To be honest, I'm not sure what this expression says. However, let's consider the interesting case above, where $b = k$. In that case, we achieve the best-case scenario for tiled matrix multiply's computational cost. Knowing that, let's plug in $b = k$ to get

$$\begin{align}k^2 + 2(k)k - kn &< 0\\3k^2 - kn&< 0\\3k - n &< 0 \\k &< \frac{n}{3}\end{align}$$

In short, we need to meet the following two criteria:

1. We need $b = k$ to not incur additional computational cost.
2. This gives us the constraint that $k < \frac{n}{3}$ for there to be reduced memory accesses.

Let's now use this framework to understand the latency reduction for Flash Attention.

Why jointy tiling self-attention reduces latency

Let's consider a typical self-attention module in a Large Language Model. We covered the precise formulation in Practical Introduction to Large Language Models, where we found that a typical self-attention module has the following expression:

$$\begin{align}Y_a &= \text{Attention}(X_Q, X_K, X_V) \\ &= \text{softmax}(\frac{X_QX_K^T}{\sqrt{d}})X_V\end{align}$$

where $X_{\{Q,K,V\}} \in \mathbb{R}^{n \times d}$. This means that our updated constraints are

1. $b = d$ or block size must match $d$ to avoid extra computational cost.
2. $d < \frac{n}{3}$ for there to be reduced memory accesses.
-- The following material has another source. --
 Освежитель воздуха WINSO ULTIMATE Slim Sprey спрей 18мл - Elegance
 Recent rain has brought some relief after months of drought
This is the best part: As we know, the self-attention module satisfies both constraints.

1. $d$ is usually very small. Per head, the dimensionality is usually only 64 to 128, certainly plausible to fit in 96 KB of shared memory. This means setting block size $b = d$ is reasonable to do.
2. $n$ is also fairly large during training time or batched inference, as this dimension includes both samples and token length. 16 samples, each with 64 tokens, already makes $n = 1024$, easily exceeding the requirement of $d < \frac{n}{3}$.

These two convenient facts make jointly tiling attention matrix multiplications an obvious choice — thus, the effectiveness of Flash Attention.
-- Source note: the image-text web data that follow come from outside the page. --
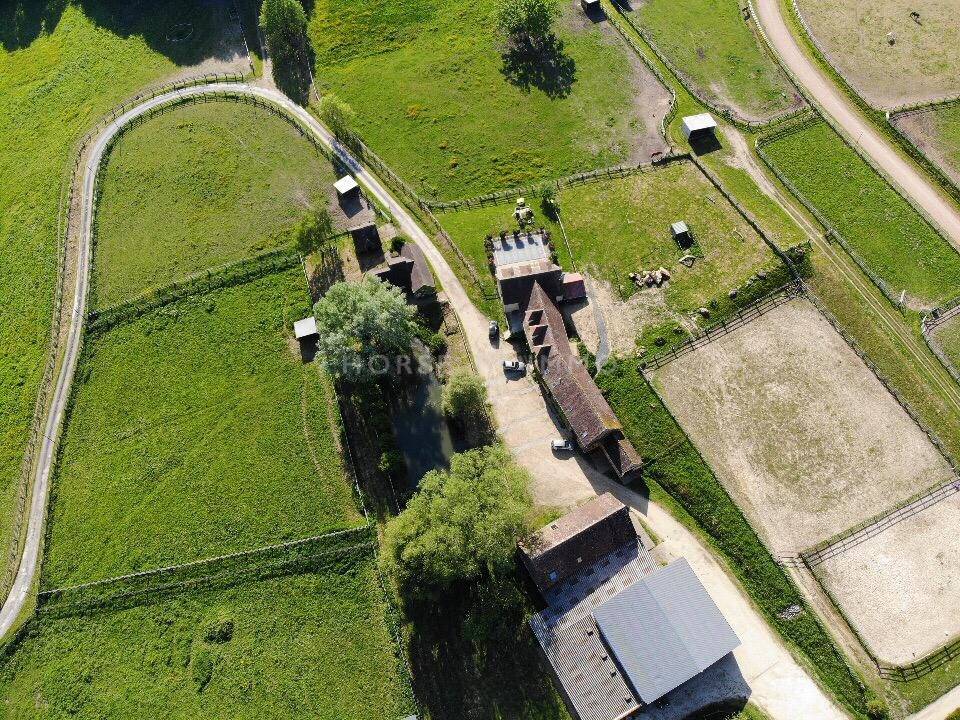 Propiedad ecuestre En venta Orne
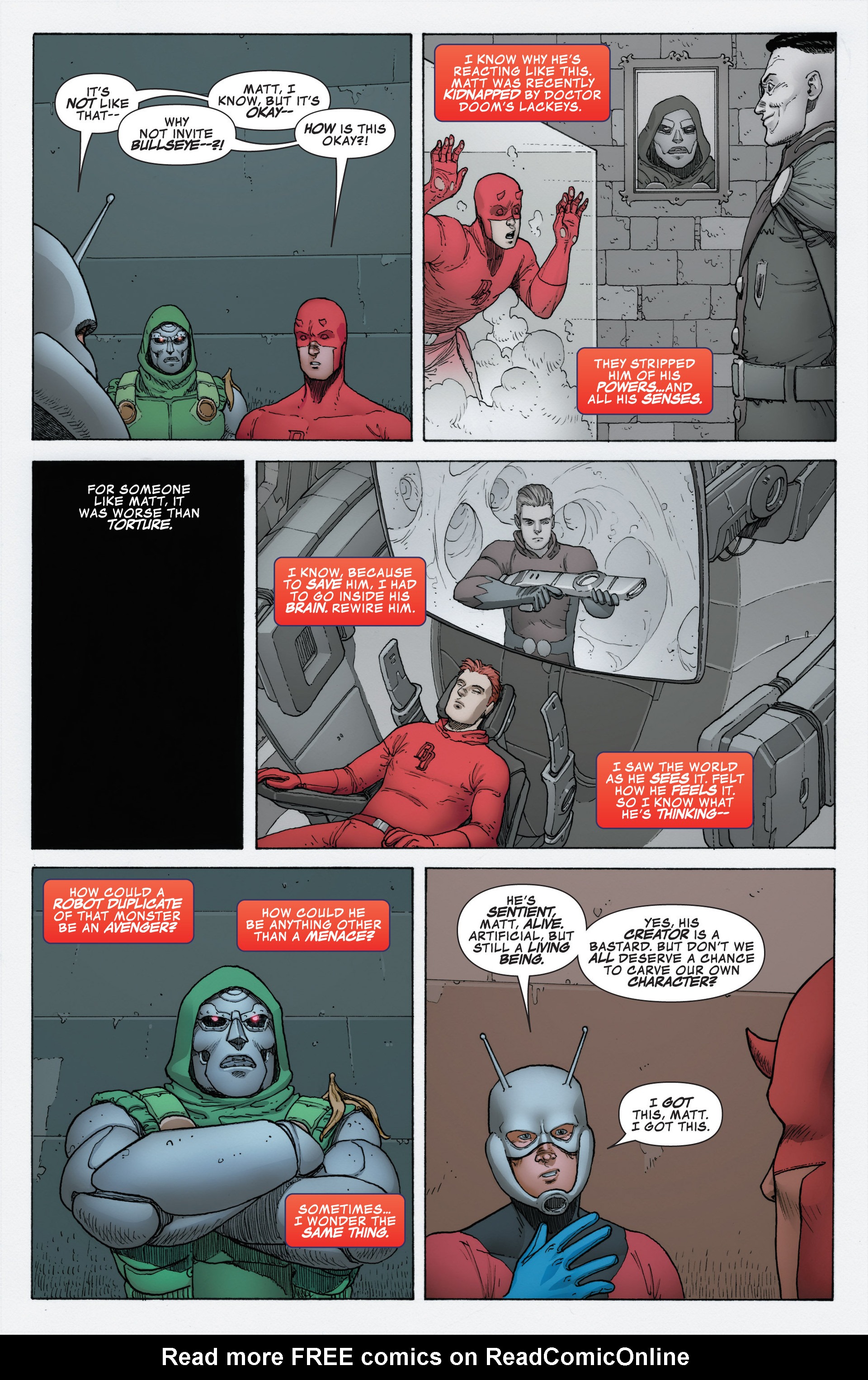 Read online Avengers A.I. comic -  Issue #7 - 10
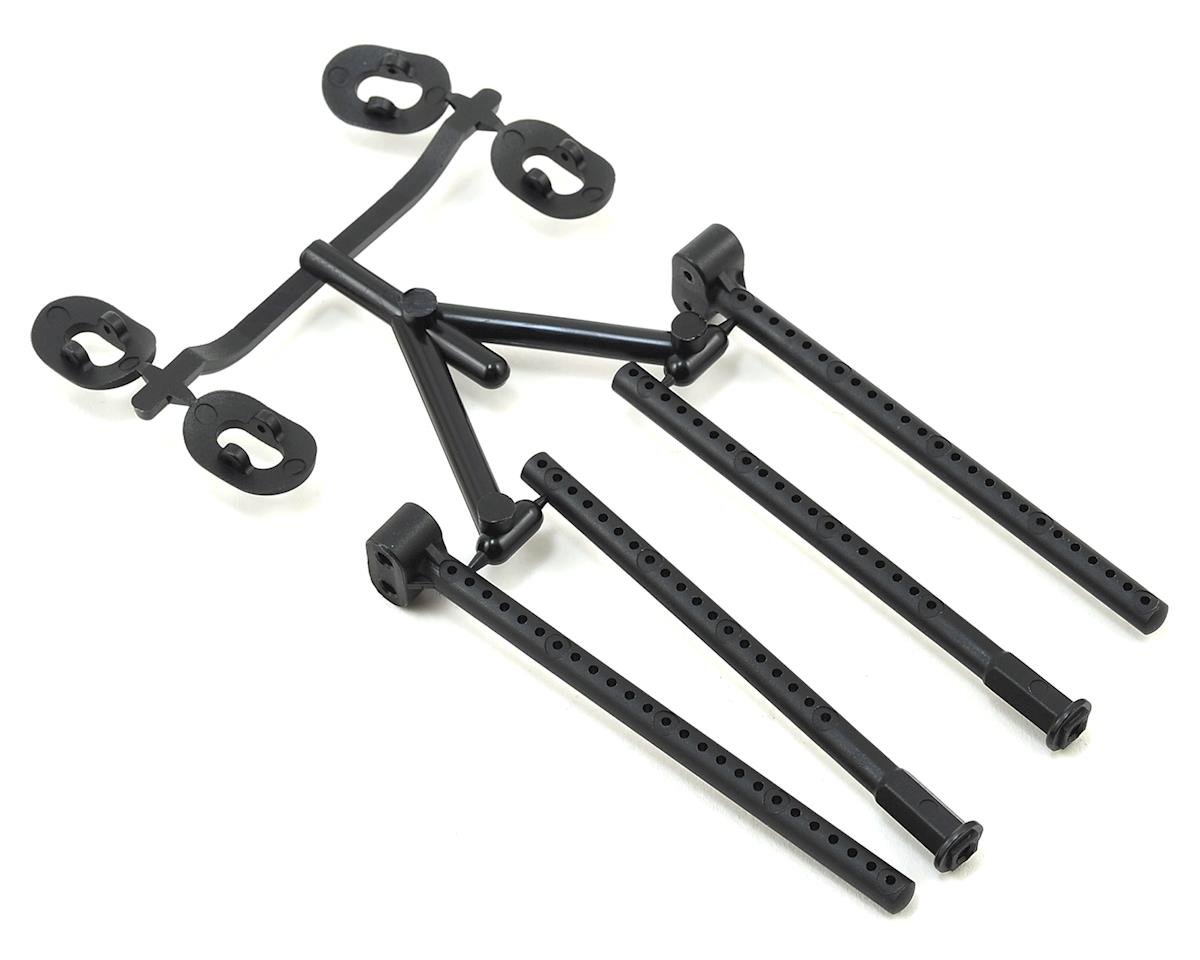 YOKY4-016A   Yokomo Front/Rear Body Mount Set   | The RC Shop at Dr Dans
Would joint tiling work for the MLP in transformers?

A next natural question is: Can we extend this to the MLP in transformers? Maybe. At a high level, the MLP sees the opposite phenomenon: The weights are far larger than the intermediate outputs, which makes this joint-tiling strategy tougher to leverage. Let's see this using our constraints:

1. Our first constraint is that $b = d$. Unfortunately, for the MLP, the dimensionality $d$ of our input is fairly large, ranging in the thousands from 4096 to 8192. Although still possible to fit in shared memory, we would only be able to fit a few rows.
2. Our second constraint is that $d < \frac{n}{3}$. Again, $d$ is already fairly large, meaning that $n$ would need to be even larger. Say we have a batch size of 16 like before. This constraint would then require a sequence length of $\frac{3d}{64} = 768$ to be beneficial.
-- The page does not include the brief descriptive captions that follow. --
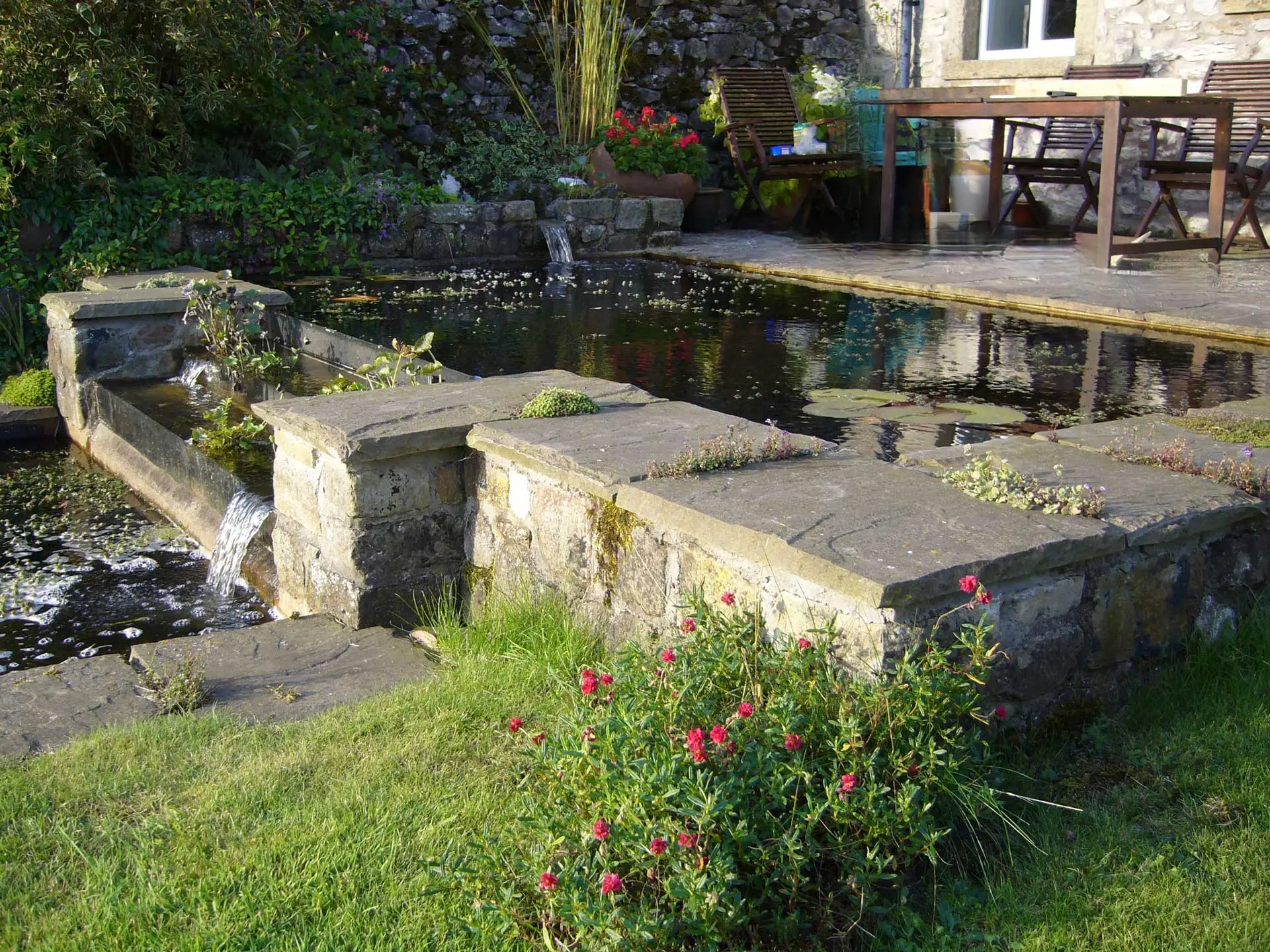 Conistone Garden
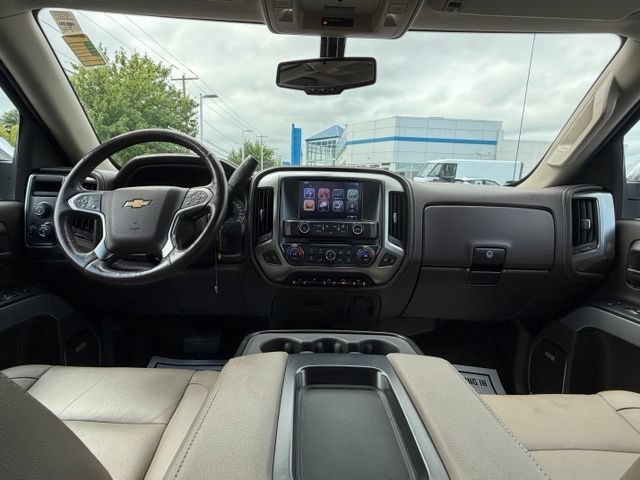 Used 2017 BLACK Chevrolet LTZ image 19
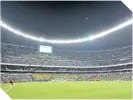  ?? / FOTO: ARCHIVO ESTO ?? El público extraña vivir un juego en las tribunas del Azteca.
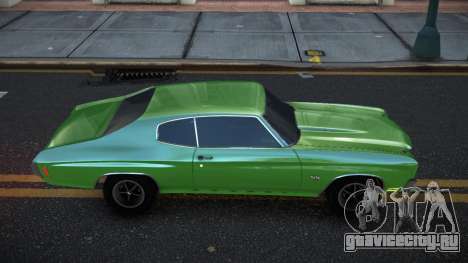 Chevrolet Chevelle Tholy для GTA 4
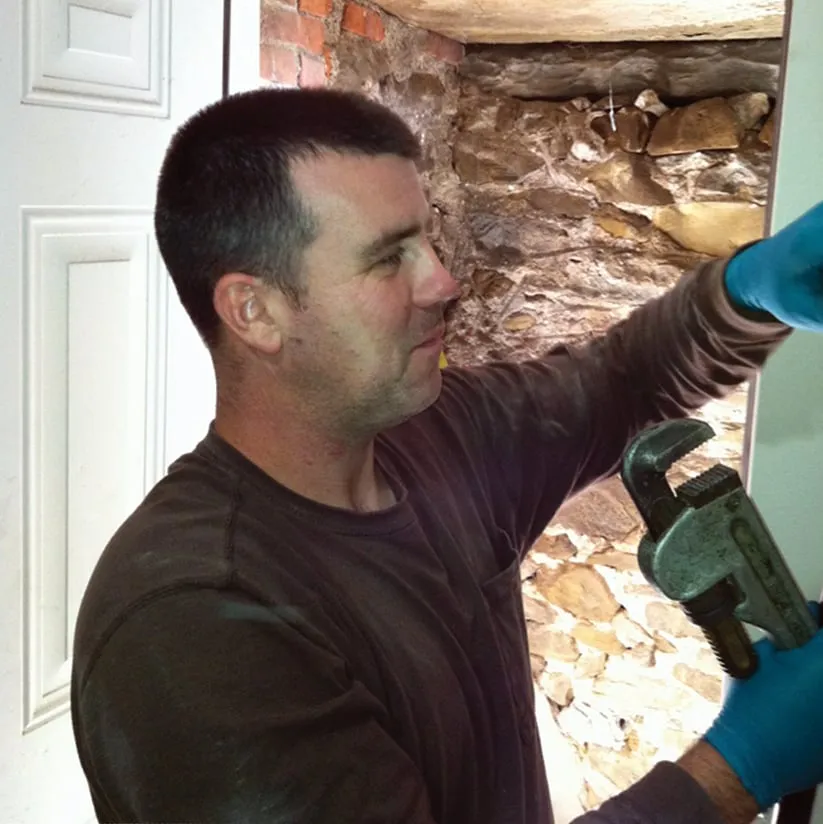 Slide of Comfort Experts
This isn't impossible and in fact, it's likely to happen during training. It's just not as obvious a winning scenario, as attention is.

Conclusion

In short, we've analyzed the computational and memory cost of jointly tiling back-to-back matrix multiplies, finding a nice and neat set of constraints that can tell us roughly when joint tiling is worthwhile. We need two constraints to be met:

• The block size should match the hidden dimension, $b = d_\text{head}$ for transformers and $b = k$ more generally, when $y = ABC$ and $A \in \mathbb{R}^{n \times k}$. This ensures that computational cost is kept constant.
• The dimensionality of our samples should be smaller than the number of samples or $d_\text{head} < \frac{n}{3}$ for transformers and $k < \frac{n}{3}$ more generally, using the same matrices as in the last bullet.

Taking a step back, we can also say at a high level, we generally need small weight matrices and large intermediate outputs to reap savings.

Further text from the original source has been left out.